**Task item**
Among the lines below, take the one holding "womens pink sweatshirt #color_misty rose", the one holding "Mochila impermeable Fimibuke", and all lines between them. Set them down exactly.

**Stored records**

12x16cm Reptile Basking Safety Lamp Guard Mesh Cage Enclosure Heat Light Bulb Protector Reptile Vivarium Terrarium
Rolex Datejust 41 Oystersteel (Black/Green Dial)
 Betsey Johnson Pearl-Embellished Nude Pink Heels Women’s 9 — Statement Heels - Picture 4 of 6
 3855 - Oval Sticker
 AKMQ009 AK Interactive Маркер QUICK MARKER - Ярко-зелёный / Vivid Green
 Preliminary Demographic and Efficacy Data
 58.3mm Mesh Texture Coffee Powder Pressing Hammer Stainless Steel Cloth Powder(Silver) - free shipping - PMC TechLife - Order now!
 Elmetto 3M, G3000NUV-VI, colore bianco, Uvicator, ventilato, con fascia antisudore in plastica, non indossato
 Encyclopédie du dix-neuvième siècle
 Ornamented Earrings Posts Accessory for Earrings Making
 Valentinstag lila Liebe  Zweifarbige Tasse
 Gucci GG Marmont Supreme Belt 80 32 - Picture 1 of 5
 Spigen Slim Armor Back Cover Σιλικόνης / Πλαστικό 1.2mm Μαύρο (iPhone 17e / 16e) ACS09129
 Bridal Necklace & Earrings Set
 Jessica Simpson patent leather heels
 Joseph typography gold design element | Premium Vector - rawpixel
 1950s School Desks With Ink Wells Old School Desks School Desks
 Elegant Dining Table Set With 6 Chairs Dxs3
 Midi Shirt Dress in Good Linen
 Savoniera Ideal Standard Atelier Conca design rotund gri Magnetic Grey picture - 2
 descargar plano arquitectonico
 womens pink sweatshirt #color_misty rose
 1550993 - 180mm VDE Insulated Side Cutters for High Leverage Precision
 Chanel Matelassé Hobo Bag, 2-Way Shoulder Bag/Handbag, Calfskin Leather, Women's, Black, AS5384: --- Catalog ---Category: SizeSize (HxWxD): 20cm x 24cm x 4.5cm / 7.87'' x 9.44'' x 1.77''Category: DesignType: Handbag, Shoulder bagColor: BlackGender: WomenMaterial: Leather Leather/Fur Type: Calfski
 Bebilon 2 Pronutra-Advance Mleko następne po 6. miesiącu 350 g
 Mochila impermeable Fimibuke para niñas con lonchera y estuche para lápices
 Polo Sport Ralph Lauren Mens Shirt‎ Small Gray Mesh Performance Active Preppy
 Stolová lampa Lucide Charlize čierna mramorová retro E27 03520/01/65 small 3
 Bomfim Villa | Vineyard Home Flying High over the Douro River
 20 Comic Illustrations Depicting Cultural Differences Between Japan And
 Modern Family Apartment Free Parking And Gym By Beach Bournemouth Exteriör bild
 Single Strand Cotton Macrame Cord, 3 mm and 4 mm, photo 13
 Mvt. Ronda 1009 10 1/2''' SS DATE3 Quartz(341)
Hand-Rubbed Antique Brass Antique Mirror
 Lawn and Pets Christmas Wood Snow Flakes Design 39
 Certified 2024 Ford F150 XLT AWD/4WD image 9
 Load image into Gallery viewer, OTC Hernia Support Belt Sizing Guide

**Written answer**
 womens pink sweatshirt #color_misty rose
 1550993 - 180mm VDE Insulated Side Cutters for High Leverage Precision
 Chanel Matelassé Hobo Bag, 2-Way Shoulder Bag/Handbag, Calfskin Leather, Women's, Black, AS5384: --- Catalog ---Category: SizeSize (HxWxD): 20cm x 24cm x 4.5cm / 7.87'' x 9.44'' x 1.77''Category: DesignType: Handbag, Shoulder bagColor: BlackGender: WomenMaterial: Leather Leather/Fur Type: Calfski
 Bebilon 2 Pronutra-Advance Mleko następne po 6. miesiącu 350 g
 Mochila impermeable Fimibuke para niñas con lonchera y estuche para lápices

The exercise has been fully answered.